The Purdue Boilermakers have had a noticeably tough time making the Final Four over the years. They have also struggled to make the Elite Eight. If a team doesn’t get to the Elite Eight, it can’t take the next step toward college basketball’s Holy Grail. Ryan Cline made sure his school cleared one hurdle so that it can surmount the bigger one which lies ahead.
Cline had the shooting night of his life to carry Purdue into overtime and past the Tennessee Volunteers, 99-94, in a memorable South Regional semifinal. The victory puts Purdue in the Elite Eight for the first time since 2000. The Boilermakers are now in position to reach their first Final Four since 1980 if they can defeat the Virginia Cavaliers this Saturday night in Louisville.
Cline — even more than Carsen Edwards — is the reason the Boilermakers are still alive. One sequence, more than any other, deserved to be seen as the moment Purdue rescued itself after blowing an 18-point second-half lead to the resolute Vols, who never quit after staring at a massive deficit.

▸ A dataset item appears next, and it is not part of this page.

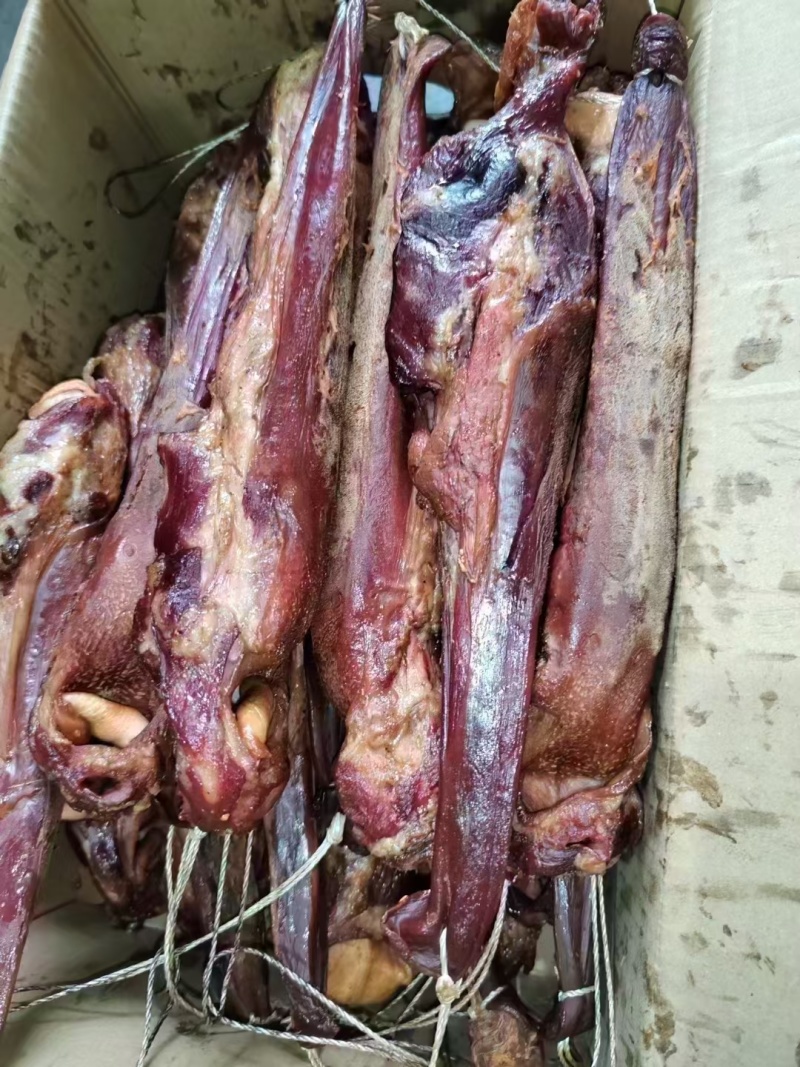 腊猪舌头猪舌头批发烟熏猪耳朵特产老腊肉下酒菜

There were roughly 50 seconds left in regulation with Tennessee leading Purdue, 80-77. The Vols had outscored Purdue by 21 points in a portion of the second half to surge ahead by three. Tennessee’s Grant Williams picked up Cline at the top of the key. For roughly 10 seconds, Williams succeeded in taking away Cline’s shooting hand for a 3-point shot.
Then Cline drove to the basket, roughly five feet inside the 3-point arc. Williams might have thought Cline was abandoning the three, so he ran with Cline’s dribble.
Then it happened: Cline stopped his forward-moving dribble and used a power dribble in reverse to move six feet backward. He jumped behind the 3-point arc. Williams was unable to chase him and stay on his shooting hand. Williams briefly lost focus, but Cline had a plan all along to lull Williams into a false sense of security (“He’s NOT taking a three here”) and then abruptly move behind the 3-point line.
Cline had to do all that to begin with. Then — once he had created space for his shot — he still had to hit it.
He did.
Cline hit 7 of 10 triples and was 10 of 13 on the night for Purdue, providing a level of shooting Carsen Edwards didn’t come all that close to matching. Yet, more than his game-long skill and accuracy, it was that one play — faking out a defender to drive and then retreating for a tying three in the latter stages of regulation — which Ryan Cline will treasure from this game.
Cline will treasure that late, defining play as long as he lives. Purdue will treasure that game against Tennessee if it can win one more game against Virginia on Saturday.